La question de savoir s’il convient d’émettre une nouvelle dette commune pour renforcer la compétitivité de l’UE continue de diviser les dirigeants politiques.
« Tout est sur la table », y compris l’émission d’une nouvelle dette commune, pour stimuler la compétitivité atone de l’Union européenne et combler l’écart qui se creuse avec les États-Unis et la Chine, a déclaré le président du Conseil européen Charles Michel à L’Observatoire de l’Europe.
Les dirigeants de l’UE sont réunis vendredi à Budapest, en Hongrie, pour discuter de la compétitivité défaillante du bloc. Les discussions porteront sur le rapport historique rédigé par Mario Draghi, qui dresse un sombre diagnostic de l’économie du bloc, associé à des recommandations ambitieuses pour remédier à ce qu’il a décrit comme une « lente agonie ».
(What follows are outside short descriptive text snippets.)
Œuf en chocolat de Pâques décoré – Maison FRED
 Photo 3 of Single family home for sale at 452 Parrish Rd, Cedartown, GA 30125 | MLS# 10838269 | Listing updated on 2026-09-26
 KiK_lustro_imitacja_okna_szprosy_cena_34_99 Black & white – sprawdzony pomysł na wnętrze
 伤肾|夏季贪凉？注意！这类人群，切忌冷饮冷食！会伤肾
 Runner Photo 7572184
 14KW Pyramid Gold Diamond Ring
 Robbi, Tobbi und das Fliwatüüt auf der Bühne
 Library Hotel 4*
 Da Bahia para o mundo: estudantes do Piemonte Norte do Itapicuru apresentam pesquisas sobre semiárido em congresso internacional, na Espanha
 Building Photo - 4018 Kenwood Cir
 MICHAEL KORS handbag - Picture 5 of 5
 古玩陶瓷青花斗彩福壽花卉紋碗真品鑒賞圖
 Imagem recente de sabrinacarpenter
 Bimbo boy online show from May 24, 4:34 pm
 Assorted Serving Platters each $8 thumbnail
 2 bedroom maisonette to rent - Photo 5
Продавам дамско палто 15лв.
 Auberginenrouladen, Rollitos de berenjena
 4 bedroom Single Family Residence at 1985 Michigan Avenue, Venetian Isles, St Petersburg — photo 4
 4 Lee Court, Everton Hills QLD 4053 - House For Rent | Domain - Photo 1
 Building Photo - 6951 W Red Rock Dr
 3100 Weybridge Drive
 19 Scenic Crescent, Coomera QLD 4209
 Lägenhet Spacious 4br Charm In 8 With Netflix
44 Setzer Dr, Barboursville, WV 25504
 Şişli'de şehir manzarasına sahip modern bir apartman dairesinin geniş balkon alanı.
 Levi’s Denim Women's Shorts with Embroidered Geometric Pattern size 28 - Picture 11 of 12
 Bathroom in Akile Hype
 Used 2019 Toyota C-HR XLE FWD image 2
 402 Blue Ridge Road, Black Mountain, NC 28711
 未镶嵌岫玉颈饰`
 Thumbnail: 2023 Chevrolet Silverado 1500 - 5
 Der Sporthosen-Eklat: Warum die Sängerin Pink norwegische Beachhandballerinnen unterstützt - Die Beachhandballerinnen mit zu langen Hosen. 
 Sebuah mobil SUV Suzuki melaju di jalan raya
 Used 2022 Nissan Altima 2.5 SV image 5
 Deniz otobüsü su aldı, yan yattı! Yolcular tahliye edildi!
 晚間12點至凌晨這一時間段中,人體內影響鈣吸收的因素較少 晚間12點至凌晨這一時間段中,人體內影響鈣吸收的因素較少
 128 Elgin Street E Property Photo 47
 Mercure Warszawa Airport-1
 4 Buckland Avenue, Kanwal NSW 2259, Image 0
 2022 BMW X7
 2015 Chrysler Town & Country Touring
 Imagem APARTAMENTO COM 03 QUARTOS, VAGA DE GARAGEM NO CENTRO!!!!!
Selon l’ancien Premier ministre italien, l’UE doit mobiliser environ 800 milliards d’euros par an d’investissements supplémentaires pour suivre le rythme de ses concurrents mondiaux et devrait émettre une nouvelle dette commune, comme elle l’a fait pendant la pandémie de COVID-19, pour atteindre cette somme énorme. .
Michel a déclaré que le rapport constituait une « excellente base » pour le débat en cours et a soutenu qu’une dette commune, malgré son caractère de division, ne devrait pas être totalement exclue.
« Ces derniers mois, nous avons réussi à unir l’UE sur la réponse à la question : que voulons-nous faire ensemble pour être plus compétitifs et améliorer les conditions de concurrence équitables au sein de l’UE et avec nos partenaires extérieurs à l’UE ? » » a déclaré Michel, interrogé par L’Observatoire de l’Europe sur la possibilité d’émettre une dette commune.
« Un sujet important à l’avenir sera le financement, la solidarité, et là je vois que tout est sur la table. »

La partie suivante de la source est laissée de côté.